:: Input data ::
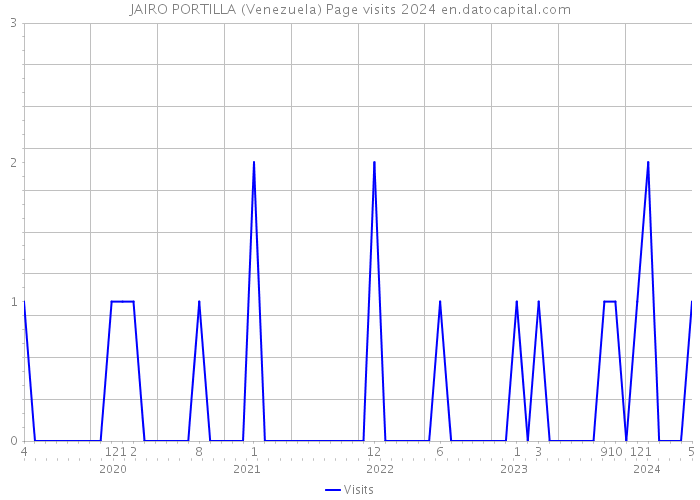 JAIRO PORTILLA (Venezuela) Page visits 2024 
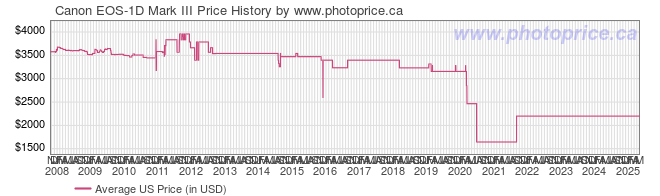 US Price History Graph for Canon EOS-1D Mark III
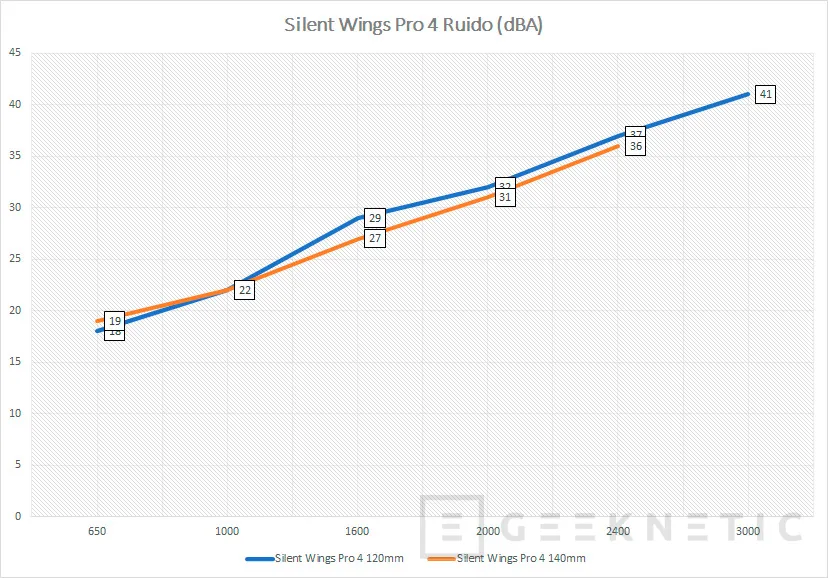 Geeknetic Be Quiet! Silent Wings Pro 4 Review 18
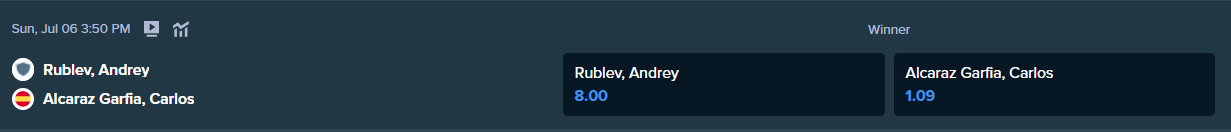 betting odds from stake.com for carlos alcaraz and andrey rublev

:: Task requirements ::
Leave the pictures aside and print exactly, and only, the lines from the one with "Geeknetic Be Quiet!" through the end of the data, both included.

:: Written response ::
 Geeknetic Be Quiet! Silent Wings Pro 4 Review 18
 betting odds from stake.com for carlos alcaraz and andrey rublev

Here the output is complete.